幸福の確率
マグニチュード7以上の首都直下型地震が近々起こる確率は70%と東大の研究者が発表して驚いたら、今度は京大からそれは28%だと云う計算が出されて、データと云うものは前提や計算のやり方に依っていかようにも変わるという事を改めて思い起こさせてくれる。地下鉄の駅構内で無料で配布されてる冊子”R25”の中で石田衣良と云う作家が書いているコラム「空は、今日も、青いのか?」の134回目は「幸福の確率」と題して、世に溢れる様々な統計数字の事が軽妙に書かれており面白かった。

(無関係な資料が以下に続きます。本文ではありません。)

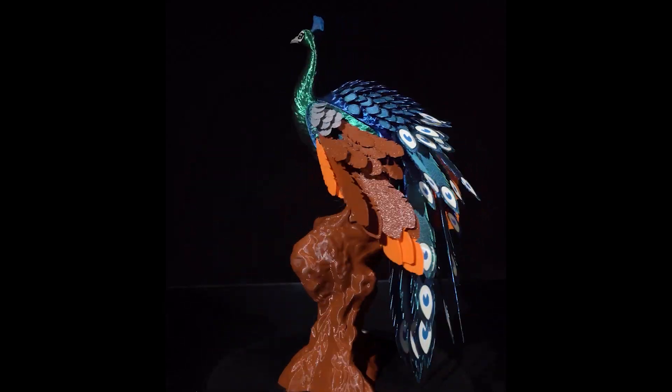You may have seen a 3D printed peacock before, but no one is like this one and I'm gonna show you how I slice it.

いわく(地震の発生確率などは)「手ごたえがないにもかかわらず、やっぱり人を不安にさせる力が、数字のもつ悪しきマジックだ。」(病気の余命告知は)「生存率が50%とは、いったいどういう意味だろう。ぼくたちの命はみなひとつきりで、半分生きて半分死ぬことなどできない」と日ごろ私たちが”おやっ?”と思うことを率直に著している。私も新聞で「死亡率が20%減った」などと読む度に、人間は全員等しく死ぬのに「死亡率が減った」とはどういう意味だろうかとか、ごく稀に発生する事故や病気にたまたま遭った人は、現実には「遭ったか遭わなかった」のオール・オア・ナッシングで100対0だよな、と数字の持つ意味を考えたりする。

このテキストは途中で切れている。